Description of the problem
A customer large customer ring 211-212-213-214-215-216 composed of 2.5G bidirectional multiplexing segment, in which 211 and 212 are 10G equipment other sites for the 2500 + equipment, 211 and 212 are connected to the bare fiber (that is, the actual fiber optic cable connection) between the other sites are connected through the Metro6100 equipment wave channel for networking.
On a certain day, the fiber optic cable between users 211 and 212 is disconnected, and the 9-slot S16 at site 216 (connected to the 215 Anhua 10-slot S16) irregularly and instantaneously reports R_LOS or R_LOF, resulting in an abnormal reversal of the multiplexing segment and service interruption. 15-slot SL16A at site 211 occasionally follows the 9-slot S16 at site 216 and reports R_LOS or R_LOF at the same time.
During troubleshooting, the first-line engineers can reproduce the fault every time by shutting down the laser of SL16A in slot 16 or 15 at site 211 when the network-wide multiplexing segment protocol is normal.
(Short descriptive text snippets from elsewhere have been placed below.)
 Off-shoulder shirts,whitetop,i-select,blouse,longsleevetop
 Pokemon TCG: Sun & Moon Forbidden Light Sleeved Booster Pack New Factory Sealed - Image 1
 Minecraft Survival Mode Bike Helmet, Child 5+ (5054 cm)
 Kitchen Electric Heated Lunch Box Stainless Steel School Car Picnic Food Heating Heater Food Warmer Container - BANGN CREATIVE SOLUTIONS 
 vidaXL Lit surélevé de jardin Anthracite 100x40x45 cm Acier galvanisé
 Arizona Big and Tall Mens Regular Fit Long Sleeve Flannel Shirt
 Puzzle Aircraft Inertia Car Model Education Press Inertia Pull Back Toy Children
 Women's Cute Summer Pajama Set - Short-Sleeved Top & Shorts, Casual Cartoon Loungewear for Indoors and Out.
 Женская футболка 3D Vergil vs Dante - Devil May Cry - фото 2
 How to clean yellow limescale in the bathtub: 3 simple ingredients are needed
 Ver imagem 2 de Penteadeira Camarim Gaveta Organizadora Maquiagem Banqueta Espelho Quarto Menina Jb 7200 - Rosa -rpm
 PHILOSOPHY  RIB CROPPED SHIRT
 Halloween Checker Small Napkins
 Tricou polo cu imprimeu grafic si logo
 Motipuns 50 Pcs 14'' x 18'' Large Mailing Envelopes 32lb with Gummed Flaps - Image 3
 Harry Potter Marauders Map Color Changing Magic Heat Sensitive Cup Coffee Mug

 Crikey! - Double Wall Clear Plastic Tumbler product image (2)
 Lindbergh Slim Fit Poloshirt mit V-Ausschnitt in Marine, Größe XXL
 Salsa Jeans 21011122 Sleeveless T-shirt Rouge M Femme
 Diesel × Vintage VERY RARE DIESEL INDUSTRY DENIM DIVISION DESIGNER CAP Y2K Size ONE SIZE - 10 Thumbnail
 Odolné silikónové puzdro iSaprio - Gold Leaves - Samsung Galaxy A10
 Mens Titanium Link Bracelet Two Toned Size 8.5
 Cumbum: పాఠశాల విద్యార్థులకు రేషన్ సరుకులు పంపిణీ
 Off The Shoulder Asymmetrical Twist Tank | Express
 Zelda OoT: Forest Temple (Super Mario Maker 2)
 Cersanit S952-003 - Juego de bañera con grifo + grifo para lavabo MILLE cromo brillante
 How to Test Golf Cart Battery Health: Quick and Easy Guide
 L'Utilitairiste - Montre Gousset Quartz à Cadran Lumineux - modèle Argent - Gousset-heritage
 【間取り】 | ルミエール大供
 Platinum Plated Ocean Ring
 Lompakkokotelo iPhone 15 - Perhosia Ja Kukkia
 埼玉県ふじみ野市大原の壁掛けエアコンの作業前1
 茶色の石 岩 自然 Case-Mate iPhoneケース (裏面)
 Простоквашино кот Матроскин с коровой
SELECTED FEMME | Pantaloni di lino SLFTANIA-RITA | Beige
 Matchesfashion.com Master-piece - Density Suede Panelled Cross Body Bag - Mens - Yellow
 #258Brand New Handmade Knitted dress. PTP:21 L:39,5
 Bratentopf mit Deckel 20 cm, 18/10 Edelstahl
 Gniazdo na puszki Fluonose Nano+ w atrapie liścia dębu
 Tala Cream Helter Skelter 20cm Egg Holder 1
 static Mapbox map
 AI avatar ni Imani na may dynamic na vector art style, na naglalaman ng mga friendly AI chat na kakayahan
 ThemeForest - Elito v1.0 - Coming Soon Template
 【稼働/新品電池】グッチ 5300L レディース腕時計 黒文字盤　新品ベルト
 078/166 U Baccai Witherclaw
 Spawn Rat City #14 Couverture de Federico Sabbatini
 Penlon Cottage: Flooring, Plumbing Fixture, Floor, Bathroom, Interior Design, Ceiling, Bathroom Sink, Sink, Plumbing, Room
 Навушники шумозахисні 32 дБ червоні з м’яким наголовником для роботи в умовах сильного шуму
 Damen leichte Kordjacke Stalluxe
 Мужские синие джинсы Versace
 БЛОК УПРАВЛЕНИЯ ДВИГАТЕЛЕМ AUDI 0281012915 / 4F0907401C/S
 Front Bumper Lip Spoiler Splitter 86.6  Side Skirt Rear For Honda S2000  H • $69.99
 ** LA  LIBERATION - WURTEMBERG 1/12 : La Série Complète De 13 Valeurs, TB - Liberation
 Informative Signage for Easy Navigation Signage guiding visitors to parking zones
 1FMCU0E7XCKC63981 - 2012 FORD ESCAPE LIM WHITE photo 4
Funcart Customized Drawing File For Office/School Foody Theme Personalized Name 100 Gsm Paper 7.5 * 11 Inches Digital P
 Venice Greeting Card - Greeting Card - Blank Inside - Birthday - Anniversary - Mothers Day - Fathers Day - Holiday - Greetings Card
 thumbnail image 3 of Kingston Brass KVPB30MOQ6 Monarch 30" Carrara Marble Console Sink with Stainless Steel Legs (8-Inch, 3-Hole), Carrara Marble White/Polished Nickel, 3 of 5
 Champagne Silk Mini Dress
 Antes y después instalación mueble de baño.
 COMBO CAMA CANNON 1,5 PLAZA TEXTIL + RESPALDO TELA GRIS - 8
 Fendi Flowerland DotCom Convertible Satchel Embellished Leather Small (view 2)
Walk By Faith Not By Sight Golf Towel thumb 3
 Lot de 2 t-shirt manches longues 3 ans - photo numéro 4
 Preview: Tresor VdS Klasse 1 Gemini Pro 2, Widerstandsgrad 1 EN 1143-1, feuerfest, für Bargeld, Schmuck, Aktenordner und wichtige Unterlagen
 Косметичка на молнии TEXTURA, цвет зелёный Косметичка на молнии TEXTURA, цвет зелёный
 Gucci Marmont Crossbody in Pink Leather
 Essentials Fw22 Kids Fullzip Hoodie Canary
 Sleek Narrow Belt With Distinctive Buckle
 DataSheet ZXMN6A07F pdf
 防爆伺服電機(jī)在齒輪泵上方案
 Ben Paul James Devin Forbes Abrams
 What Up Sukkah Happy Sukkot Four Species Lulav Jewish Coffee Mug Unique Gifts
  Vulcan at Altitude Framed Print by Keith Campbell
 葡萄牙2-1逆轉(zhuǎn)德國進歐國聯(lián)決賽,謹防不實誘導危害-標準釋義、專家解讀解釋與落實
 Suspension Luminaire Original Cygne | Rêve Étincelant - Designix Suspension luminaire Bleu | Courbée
After the full network multiplexing protocol is stopped, the fault cannot be reproduced by the above operation. Swapping the east-west optical interface boards at sites 211, 215, and 216 does not cause the fault to disappear. The fault does not disappear by swapping the crossover boards of 215 and 216.
Processing
The following is the specific positioning process from August 24th to August 31st:
1. Since the fault does not reappear in the case of a network-wide protocol stop, it means that the fault is only related to the inversion action (i.e., the switching of pages). In order to prove this, we carry out a multiplexing segment practice inversion and a mandatory inversion for the east and west directions of site 211 respectively, and the fault does not reappear in the case of the practice inversion, and the fault reappears in the case of the mandatory inversion. From this it is clear that the failure is indeed due to multiplexed segment inversion (page switching) and has nothing to do with the protocol itself.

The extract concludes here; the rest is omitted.